# Intel Panne - Cougar Point



## Verpolt (21 Februar 2011)

Wollte doch nur einen neuen PC 

Wer sich in letzter Zeit einen Desktop-PC / Laptop etc. mit I5/I7 gekauft hat oder kaufen möchte, sollte genauer hinsehen.

Intel


> Designfehler bei Chipsatz
> 
> Intel hat bekanntgegeben, dass bei den für die Intel® Core™ Prozessoren der zweiten Generation konzipierten Intel® 6er-Chipsätzen ein Designfehler vorliegt und eine Überarbeitung des Halbleiterelements implementiert wurde. Bei diesen Chipsätzen kann in einigen Fällen mit der Zeit eine Beeinträchtigung der Serial-ATA-Ports (SATA) auftreten, was sich möglicherweise auf die Leistung oder Funktionalität von Geräten, die an die SATA-Ports angeschlossen sind (wie Festplatten oder DVD-Laufwerke), auswirkt.
> 
> ...



Intel:


> Frage: Wie kann ich feststellen, ob mein System betroffen ist?
> 
> Antwort: Desktop-PCs mit Intel® H67 und P67 Express-Chipsätzen und Notebooks mit Intel® HM67 und HM65 Express-Chipsätzen sind möglicherweise von diesem Problem betroffen.
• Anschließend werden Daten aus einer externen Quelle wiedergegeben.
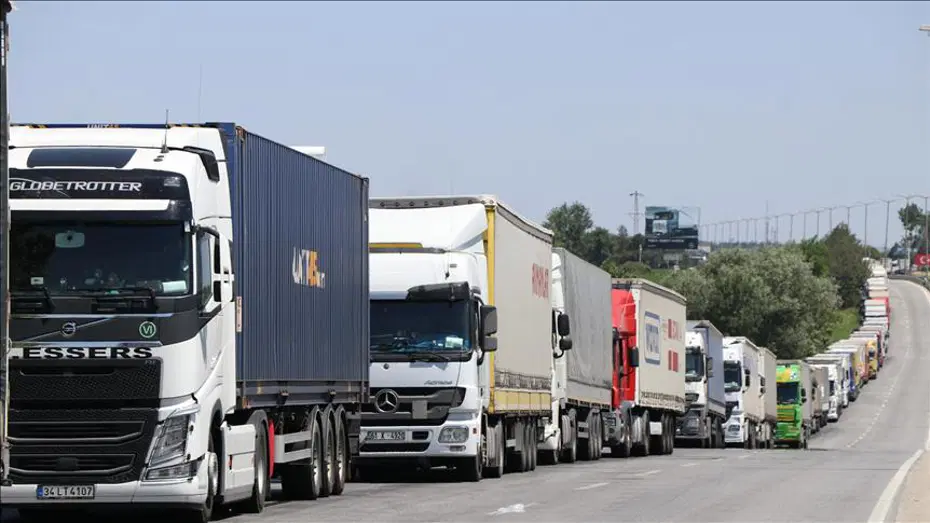 Ticaret Bakanlığı açıkladı, sınırda geçişler durdu: TIR'lara grev engeli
Intel empfiehlt Konsumenten, dass sie sich an den Händler oder Hersteller ihres Computers wenden, um weitere Einzelheiten zu erfahren.
> Frage: Welche Produkte sind betroffen?
> ...




http://www.intel.com/de_de/consumer...tm?cid=emea:ggl|corecall_de_recall|em4F6C5B|s

in diesem Sinne :sc1:  :s1:   oder zu AMD


----------



## Oberchefe (23 Februar 2011)

auch früher war Intel schon mit Vorsicht zu genießen:

http://de.wikipedia.org/wiki/Pentium-FDIV-Bug


----------